Les deux jeunes filles ont certes ri de la légende mais elles se sont finalement rendues à la soirée dans la grotte mystérieuse. La musique tonnait à l'intérieur et des couples dansaient la salsa. Quito a invité Olessia à danser, et ils se sont tout de suite retrouvés sur la même longueur d'onde. Et six mois plus tard le mariage a été célébré. Deux mariages plus exactement: à Moscou et à Trinidad. Le couple vit désormais à Moscou et enseigne la salsa.

"Nous [les Cubains] avons la salsa dans le sang, et nous la dansons naturellement et simplement. Mais à force d'être persévérants, mes élèves russes font inévitablement des progrès", déclaré Francisco Miguel Gonsalez Espinosa, directeur de l'école Eterno Verano.

Eterno Verano signifie en espagnol été éternel, et la salsa c'est la sauce. On peut deviner que c'est une sauce piquante et que la danse est enflammée. Et même si les élèves russes de Quito n'ont pas de sang espagnol brûlant dans les veines, ils ont envie de danser la salsa et ils la dansent.

"La salsa m'attire par sa musique pleine d'énergie. Elle est à l'image de notre rythme de vie d'aujourd'hui, dynamique et urbain. Beaucoup de ceux qui dansent la salsa sont certainement de cet avis", estime Rimma Semenova, une commerçante.

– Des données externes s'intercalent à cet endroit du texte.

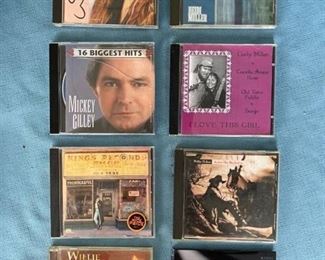 Eight country CDs featuring Wynonna, Gilley, and Willie Nelson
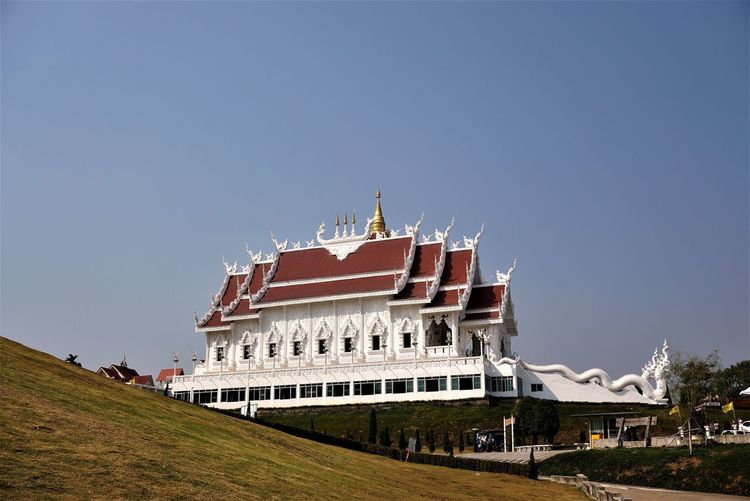 View of temple building against clear sky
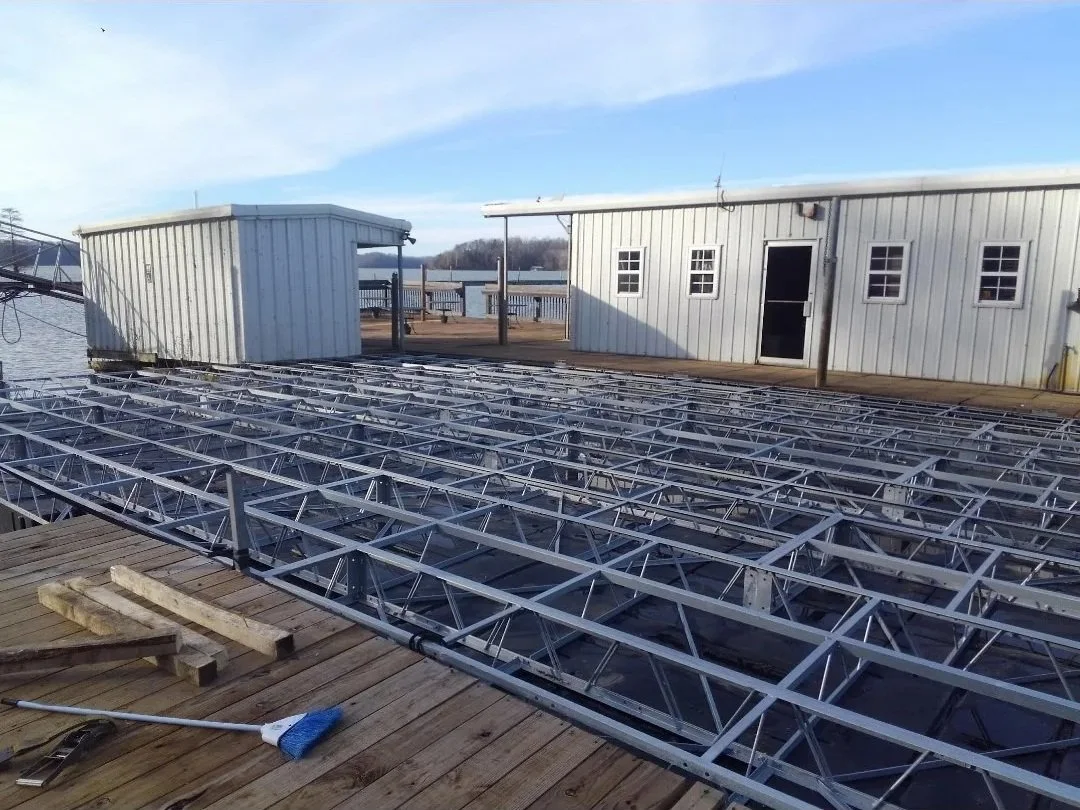 Metal framework being assembled on a wooden dock near the water, with a small white building and clear blue sky in the background.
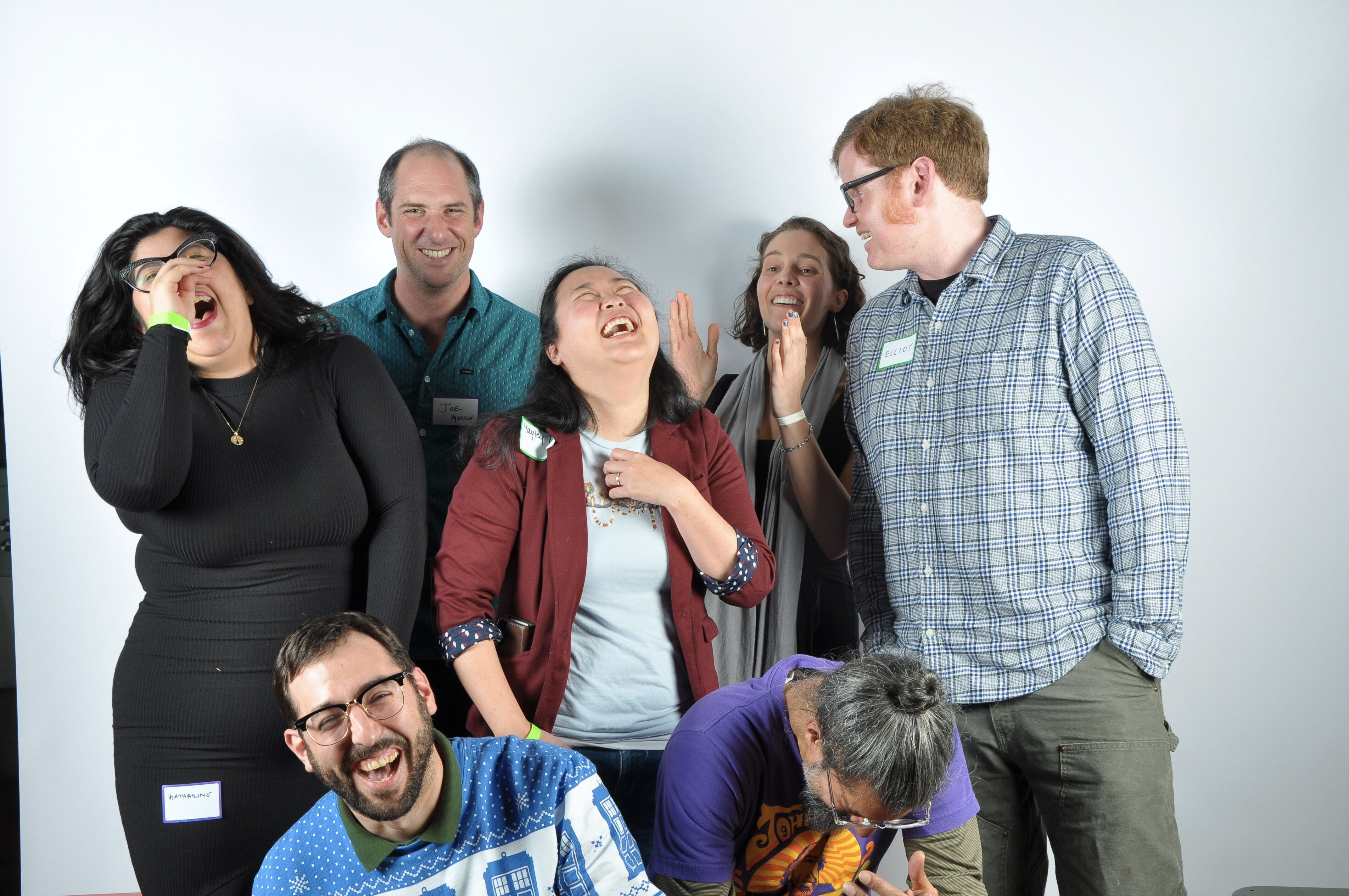 'I do not remember what Elliot said to provoke this reaction, but it’s how I will remember him.' Elliot is turned to the side, speaking to the other six people, who are laughing. He has red hair, and is wearing glasses and a flannel shirt.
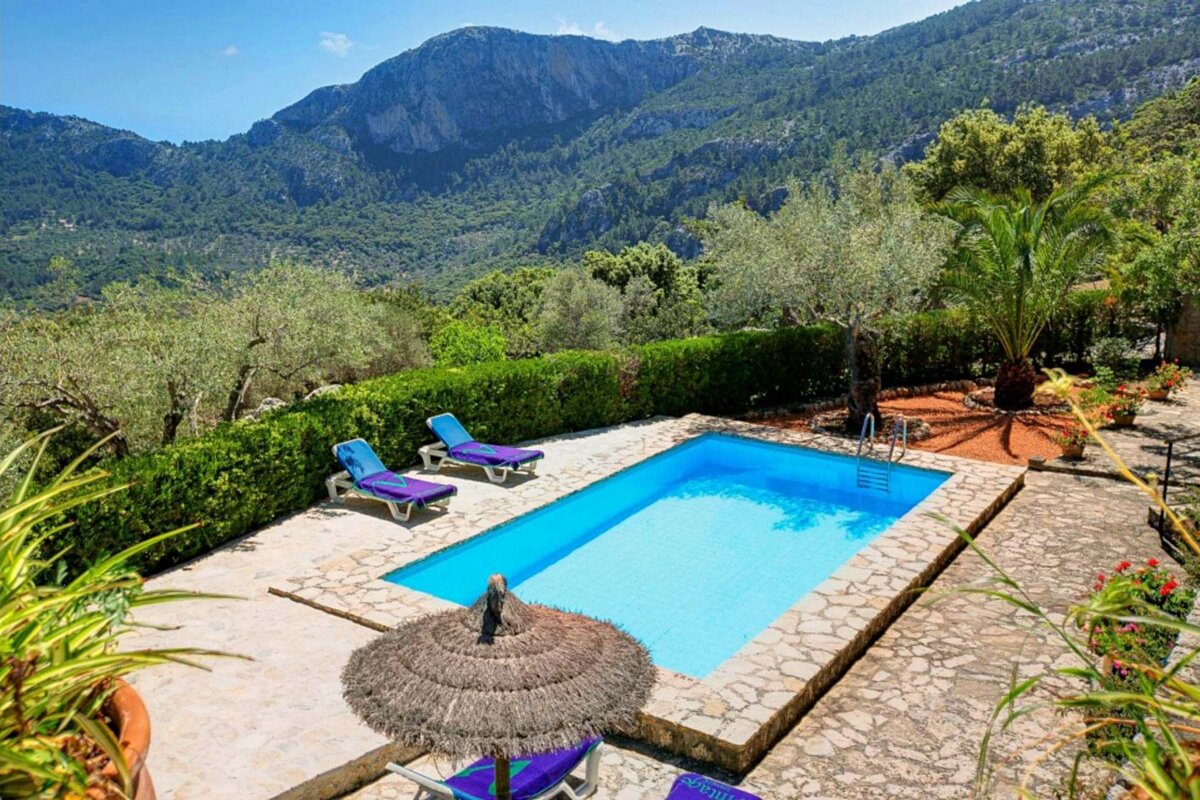 A swimming pool surrounded by chairs and umbrellas with mountains in the background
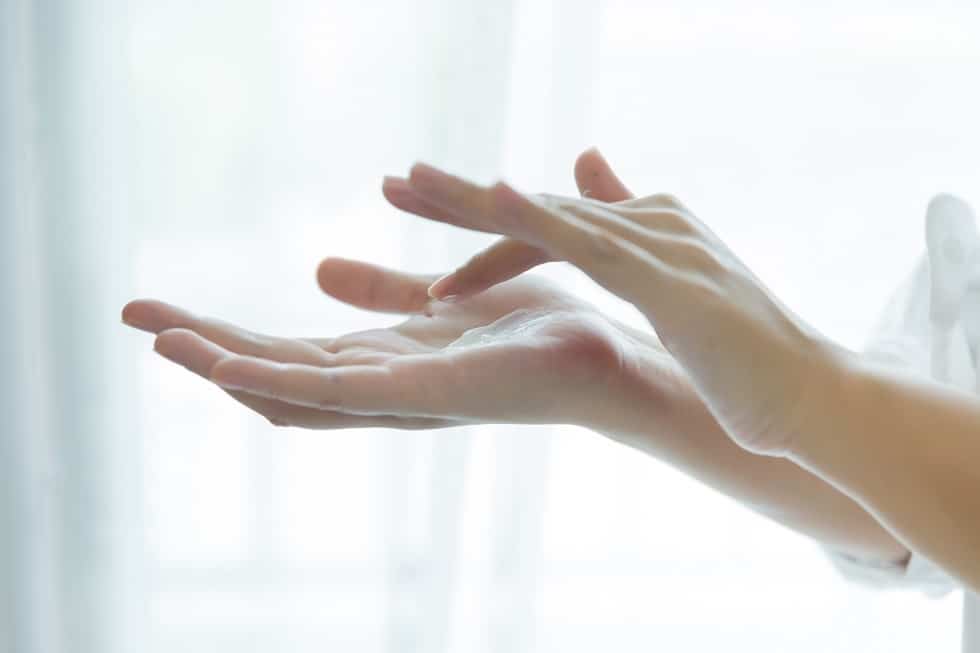 woman holds a jar with a cosmetic cream in her hands. skin care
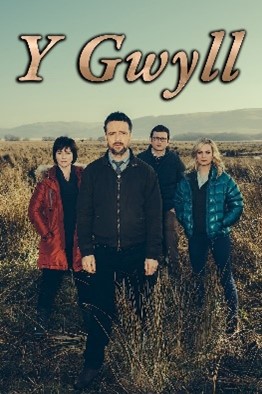 Four people in coats stand together facing the viewer, in a field with hills in the background. The series title, "Y Gwyll" is printed above.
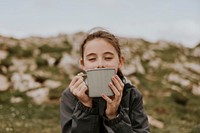 Girl drinking from mug, outdoor photo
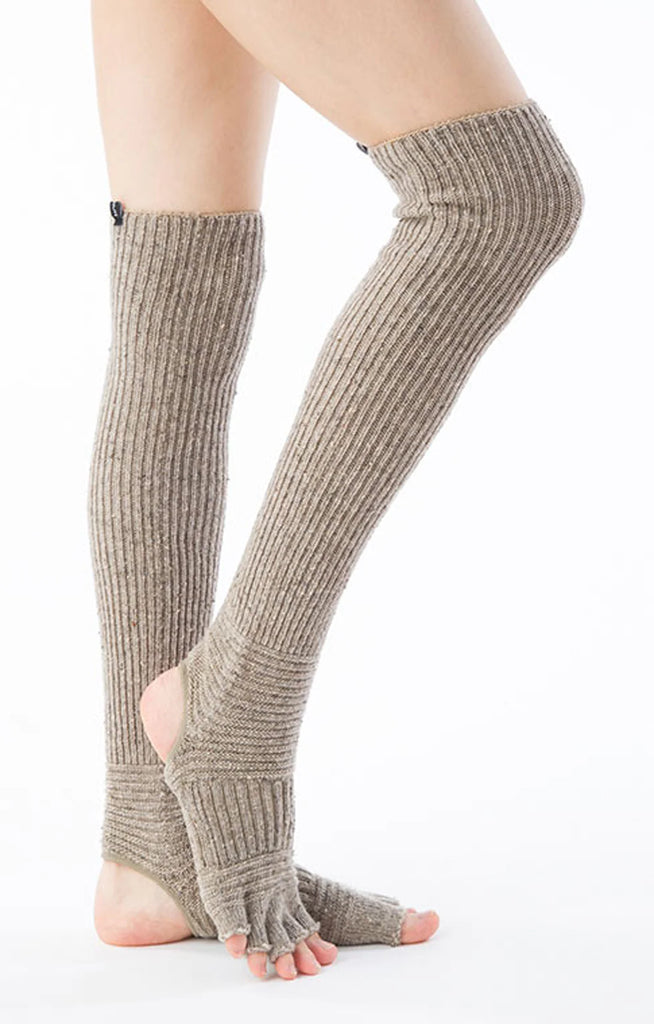 Side view of a woman's leg wearing a pair of Knitido plus brand Wool Blend Confetti Ribbed Open Toe and Heel Socks in the color Ecru, which is an ivoryish color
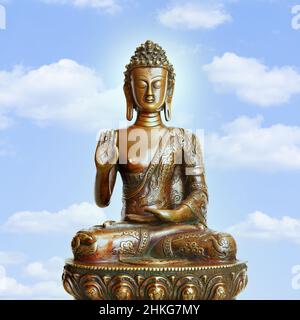 Figure of sitting Buddha and the blue sky with clouds in the  background Stock Photo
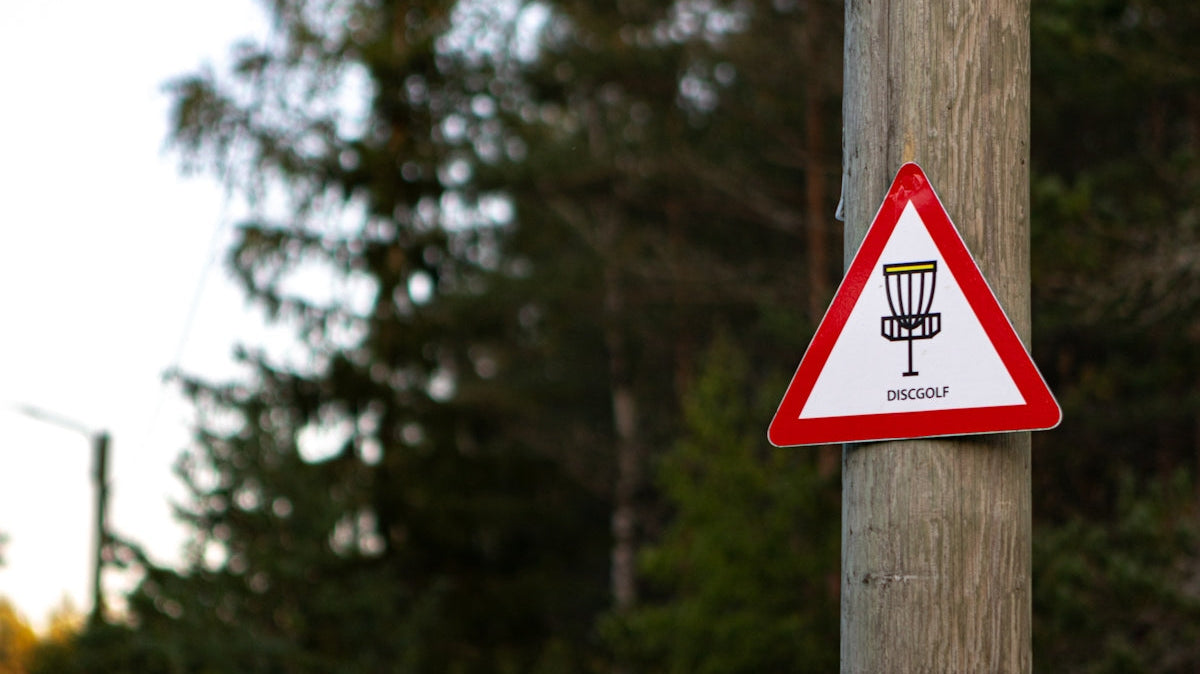 a red and white sign on a wooden pole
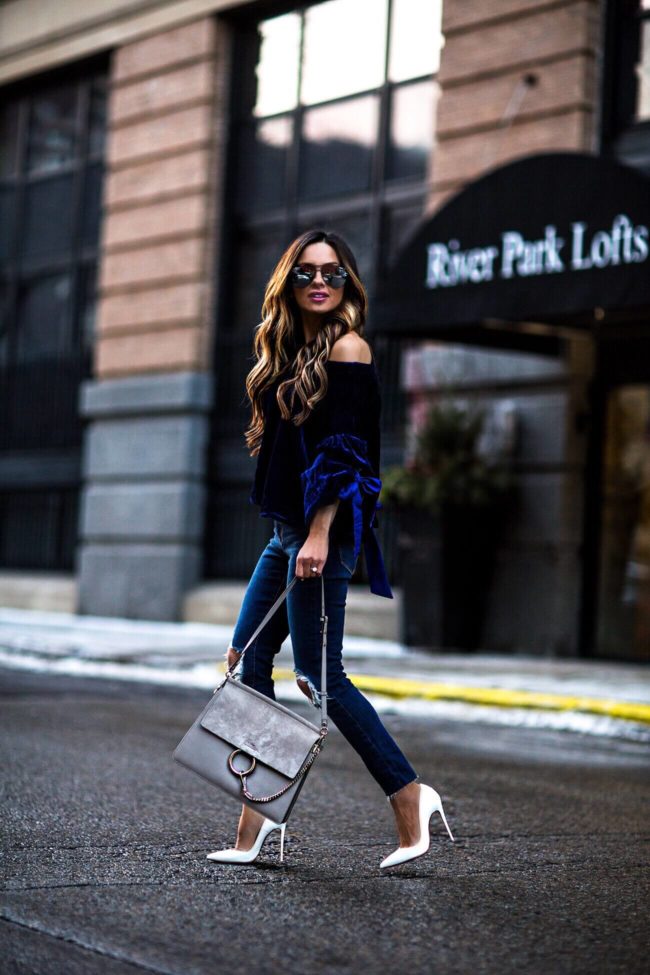 fashion blogger mia mia mine wearing a blue velvet top and levi's denim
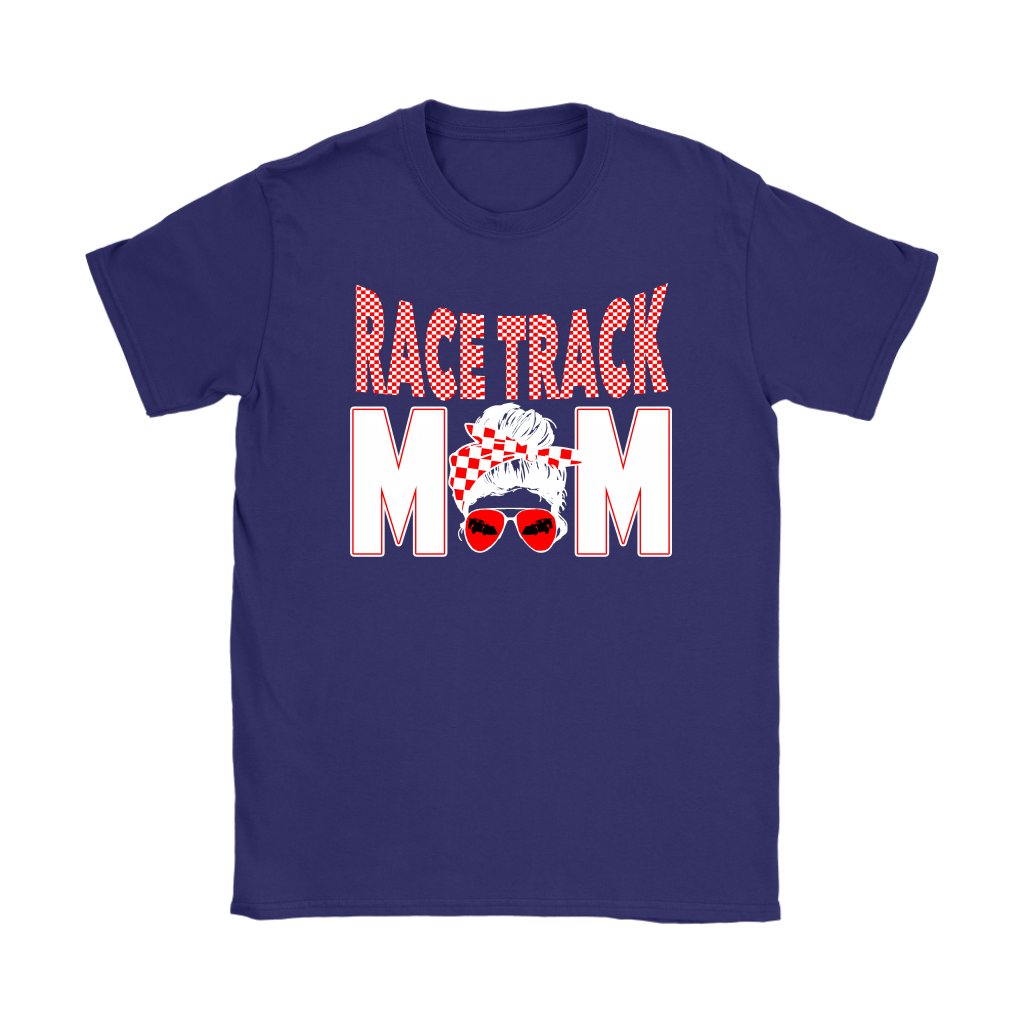High-performance apparel mockup featuring a woman sitting on the grandstand bleachers at a dirt racing arena, wearing a premium black t-shirt with a sharp white and red "Race Track Mom" graphic showing a late model dirt car.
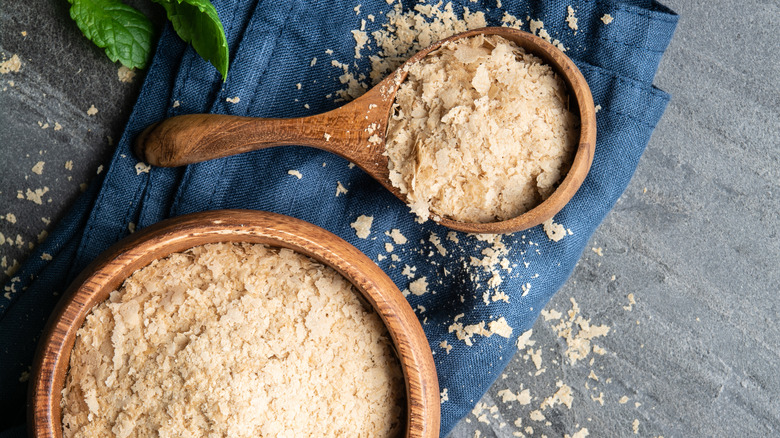 Nutritional yeast flakes in wood bowl and spoon 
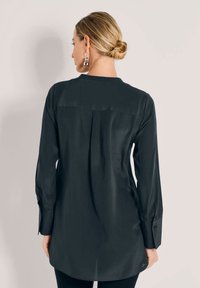 Dunkelseidenbluse mit langen Ärmeln, einem knöpfbaren Bündchen und einer Faltenlegung am Rücken, mit abgerundetem Saum und glatter Textur.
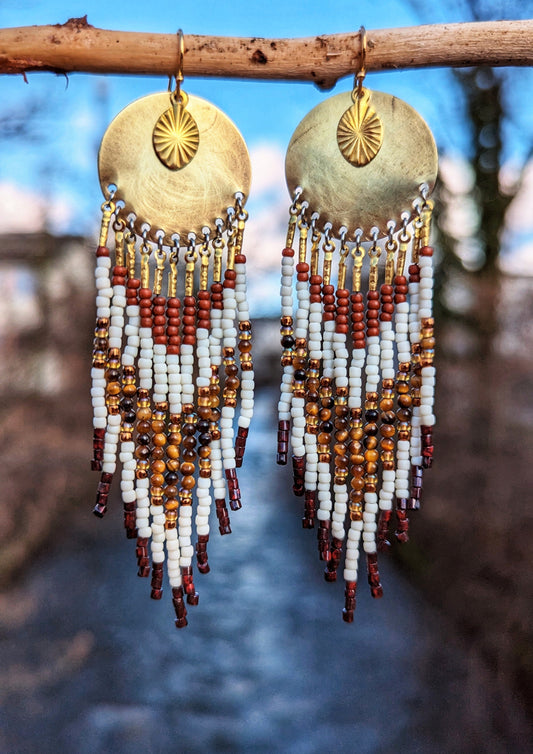 Moon & Milk handcrafted earrings with ivory, amber, and rust beadwork, brass discs, and sun charms hanging from a branch with a soft blue sky background.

"L'idée de faire du sport et de la musculation "à vide" ne m'emballe pas trop, je le fais beaucoup plus volontiers en dansant la salsa avec de belles partenaires", déclare l'informaticien Artiom Tkatchev.

J'ai lu récemment sur internet que la danse rend l'homme heureux. Eh bien, la salsa est le bonheur à l'état pur", estime Ioulia Achounina, experte en publicité et en relations publiques.

L'un des aphorismes les plus célèbres de la littérature russe stipule: "Si tu veux être heureux, soit le!" L'âge, l'embonpoint et le métier sont sans importance. Dansez! Et soyez heureux!